(Data begins)
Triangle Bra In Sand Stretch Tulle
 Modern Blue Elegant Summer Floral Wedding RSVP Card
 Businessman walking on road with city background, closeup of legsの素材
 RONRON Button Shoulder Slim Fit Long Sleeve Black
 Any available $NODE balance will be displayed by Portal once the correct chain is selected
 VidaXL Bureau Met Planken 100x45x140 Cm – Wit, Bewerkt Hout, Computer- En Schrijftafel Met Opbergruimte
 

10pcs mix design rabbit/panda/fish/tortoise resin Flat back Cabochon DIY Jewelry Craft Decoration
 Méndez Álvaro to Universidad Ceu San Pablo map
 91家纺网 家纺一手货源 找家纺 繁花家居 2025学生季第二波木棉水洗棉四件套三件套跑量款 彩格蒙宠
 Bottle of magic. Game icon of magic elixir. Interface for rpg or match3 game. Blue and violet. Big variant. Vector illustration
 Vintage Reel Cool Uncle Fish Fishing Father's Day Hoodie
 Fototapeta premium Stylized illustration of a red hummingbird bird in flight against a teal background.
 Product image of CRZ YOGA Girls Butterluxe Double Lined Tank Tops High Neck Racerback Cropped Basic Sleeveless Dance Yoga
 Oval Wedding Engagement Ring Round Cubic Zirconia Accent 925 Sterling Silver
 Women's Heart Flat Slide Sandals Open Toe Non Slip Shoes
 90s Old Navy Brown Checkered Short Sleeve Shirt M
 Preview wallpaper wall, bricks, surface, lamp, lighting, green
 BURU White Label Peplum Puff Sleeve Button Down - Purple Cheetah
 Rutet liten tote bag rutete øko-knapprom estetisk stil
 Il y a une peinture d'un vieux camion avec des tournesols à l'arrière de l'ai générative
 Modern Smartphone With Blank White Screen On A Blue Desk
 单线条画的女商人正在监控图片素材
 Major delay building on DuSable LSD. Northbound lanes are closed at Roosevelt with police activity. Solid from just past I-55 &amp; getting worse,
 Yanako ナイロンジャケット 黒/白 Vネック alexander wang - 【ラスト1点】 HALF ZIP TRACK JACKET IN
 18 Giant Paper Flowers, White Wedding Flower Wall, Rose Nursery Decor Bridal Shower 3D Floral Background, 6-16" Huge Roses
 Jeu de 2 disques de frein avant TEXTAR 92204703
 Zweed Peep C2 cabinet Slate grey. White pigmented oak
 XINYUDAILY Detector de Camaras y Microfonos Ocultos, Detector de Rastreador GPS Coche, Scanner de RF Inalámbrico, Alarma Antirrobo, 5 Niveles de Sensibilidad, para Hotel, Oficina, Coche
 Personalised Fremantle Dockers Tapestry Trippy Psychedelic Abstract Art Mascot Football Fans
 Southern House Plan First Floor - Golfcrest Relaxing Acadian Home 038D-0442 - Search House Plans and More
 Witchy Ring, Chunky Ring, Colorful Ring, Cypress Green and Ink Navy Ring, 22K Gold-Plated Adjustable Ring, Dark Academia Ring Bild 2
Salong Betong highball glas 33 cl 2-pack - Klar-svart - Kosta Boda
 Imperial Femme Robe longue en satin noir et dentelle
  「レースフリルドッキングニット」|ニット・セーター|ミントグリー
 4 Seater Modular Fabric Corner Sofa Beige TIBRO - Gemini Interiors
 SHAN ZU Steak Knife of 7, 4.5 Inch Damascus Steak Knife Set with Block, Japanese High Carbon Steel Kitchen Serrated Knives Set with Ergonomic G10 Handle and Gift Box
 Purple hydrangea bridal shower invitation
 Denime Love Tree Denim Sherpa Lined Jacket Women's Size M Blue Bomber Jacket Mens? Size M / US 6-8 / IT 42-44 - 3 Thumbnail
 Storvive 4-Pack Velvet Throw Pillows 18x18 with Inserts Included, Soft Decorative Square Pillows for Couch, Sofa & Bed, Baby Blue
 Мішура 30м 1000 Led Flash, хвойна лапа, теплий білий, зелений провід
(Data ends)
Repeat the line that contains "18 Giant Paper", then every line after it until the records end, with nothing added.

Your response —
 18 Giant Paper Flowers, White Wedding Flower Wall, Rose Nursery Decor Bridal Shower 3D Floral Background, 6-16" Huge Roses
 Jeu de 2 disques de frein avant TEXTAR 92204703
 Zweed Peep C2 cabinet Slate grey. White pigmented oak
 XINYUDAILY Detector de Camaras y Microfonos Ocultos, Detector de Rastreador GPS Coche, Scanner de RF Inalámbrico, Alarma Antirrobo, 5 Niveles de Sensibilidad, para Hotel, Oficina, Coche
 Personalised Fremantle Dockers Tapestry Trippy Psychedelic Abstract Art Mascot Football Fans
 Southern House Plan First Floor - Golfcrest Relaxing Acadian Home 038D-0442 - Search House Plans and More
 Witchy Ring, Chunky Ring, Colorful Ring, Cypress Green and Ink Navy Ring, 22K Gold-Plated Adjustable Ring, Dark Academia Ring Bild 2
Salong Betong highball glas 33 cl 2-pack - Klar-svart - Kosta Boda
 Imperial Femme Robe longue en satin noir et dentelle
  「レースフリルドッキングニット」|ニット・セーター|ミントグリー
 4 Seater Modular Fabric Corner Sofa Beige TIBRO - Gemini Interiors
 SHAN ZU Steak Knife of 7, 4.5 Inch Damascus Steak Knife Set with Block, Japanese High Carbon Steel Kitchen Serrated Knives Set with Ergonomic G10 Handle and Gift Box
 Purple hydrangea bridal shower invitation
 Denime Love Tree Denim Sherpa Lined Jacket Women's Size M Blue Bomber Jacket Mens? Size M / US 6-8 / IT 42-44 - 3 Thumbnail
 Storvive 4-Pack Velvet Throw Pillows 18x18 with Inserts Included, Soft Decorative Square Pillows for Couch, Sofa & Bed, Baby Blue
 Мішура 30м 1000 Led Flash, хвойна лапа, теплий білий, зелений провід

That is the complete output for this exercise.